Beginning with the line below that contains "Clip von Elena Knabe, StartNr 173" and ending with the line that contains "Skin Feel Business", copy every line exactly. Copy nothing else.

[Dataset records]

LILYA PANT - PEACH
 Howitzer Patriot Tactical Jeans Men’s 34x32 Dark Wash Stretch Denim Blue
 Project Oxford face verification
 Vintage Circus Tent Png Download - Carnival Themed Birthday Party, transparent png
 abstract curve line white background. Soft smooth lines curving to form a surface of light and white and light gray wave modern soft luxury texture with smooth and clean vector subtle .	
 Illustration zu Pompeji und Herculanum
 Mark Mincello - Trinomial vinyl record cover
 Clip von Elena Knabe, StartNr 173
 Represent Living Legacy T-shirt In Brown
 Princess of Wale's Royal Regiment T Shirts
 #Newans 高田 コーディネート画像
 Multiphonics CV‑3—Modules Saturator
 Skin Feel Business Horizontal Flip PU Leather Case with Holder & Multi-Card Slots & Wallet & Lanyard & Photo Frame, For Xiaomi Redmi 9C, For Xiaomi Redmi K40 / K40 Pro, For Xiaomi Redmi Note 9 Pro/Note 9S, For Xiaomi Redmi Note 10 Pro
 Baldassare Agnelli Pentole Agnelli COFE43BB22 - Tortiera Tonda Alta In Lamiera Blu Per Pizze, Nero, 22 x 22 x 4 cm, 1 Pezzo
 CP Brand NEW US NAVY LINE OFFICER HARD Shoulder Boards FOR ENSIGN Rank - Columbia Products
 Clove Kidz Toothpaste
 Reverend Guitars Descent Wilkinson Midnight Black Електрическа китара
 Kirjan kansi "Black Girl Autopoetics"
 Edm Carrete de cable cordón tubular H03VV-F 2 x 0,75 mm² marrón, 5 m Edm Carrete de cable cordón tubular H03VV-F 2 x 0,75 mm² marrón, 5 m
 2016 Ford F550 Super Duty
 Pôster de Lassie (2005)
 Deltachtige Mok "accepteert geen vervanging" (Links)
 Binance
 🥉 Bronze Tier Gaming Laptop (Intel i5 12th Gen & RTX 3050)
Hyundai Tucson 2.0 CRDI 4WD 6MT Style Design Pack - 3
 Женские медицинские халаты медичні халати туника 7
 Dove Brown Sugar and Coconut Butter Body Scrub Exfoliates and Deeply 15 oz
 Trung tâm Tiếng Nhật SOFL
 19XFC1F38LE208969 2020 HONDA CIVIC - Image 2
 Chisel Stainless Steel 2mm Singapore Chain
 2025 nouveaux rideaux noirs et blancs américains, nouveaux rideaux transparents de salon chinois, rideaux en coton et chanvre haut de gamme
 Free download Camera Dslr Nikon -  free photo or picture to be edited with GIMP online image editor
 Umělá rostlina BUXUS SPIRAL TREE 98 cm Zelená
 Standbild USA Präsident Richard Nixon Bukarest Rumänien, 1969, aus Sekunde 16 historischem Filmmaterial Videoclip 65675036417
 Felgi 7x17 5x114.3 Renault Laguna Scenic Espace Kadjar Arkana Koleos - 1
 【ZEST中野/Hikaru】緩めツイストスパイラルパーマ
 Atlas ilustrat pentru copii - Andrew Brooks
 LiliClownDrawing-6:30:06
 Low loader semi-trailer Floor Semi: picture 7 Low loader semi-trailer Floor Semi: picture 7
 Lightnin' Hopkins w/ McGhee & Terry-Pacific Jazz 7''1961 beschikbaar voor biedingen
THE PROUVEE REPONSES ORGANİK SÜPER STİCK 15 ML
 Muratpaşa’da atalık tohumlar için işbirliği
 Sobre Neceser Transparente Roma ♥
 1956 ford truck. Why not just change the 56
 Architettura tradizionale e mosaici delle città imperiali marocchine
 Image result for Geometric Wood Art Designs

[/Dataset records]

*Reply to the exercise*
 Clip von Elena Knabe, StartNr 173
 Represent Living Legacy T-shirt In Brown
 Princess of Wale's Royal Regiment T Shirts
 #Newans 高田 コーディネート画像
 Multiphonics CV‑3—Modules Saturator
 Skin Feel Business Horizontal Flip PU Leather Case with Holder & Multi-Card Slots & Wallet & Lanyard & Photo Frame, For Xiaomi Redmi 9C, For Xiaomi Redmi K40 / K40 Pro, For Xiaomi Redmi Note 9 Pro/Note 9S, For Xiaomi Redmi Note 10 Pro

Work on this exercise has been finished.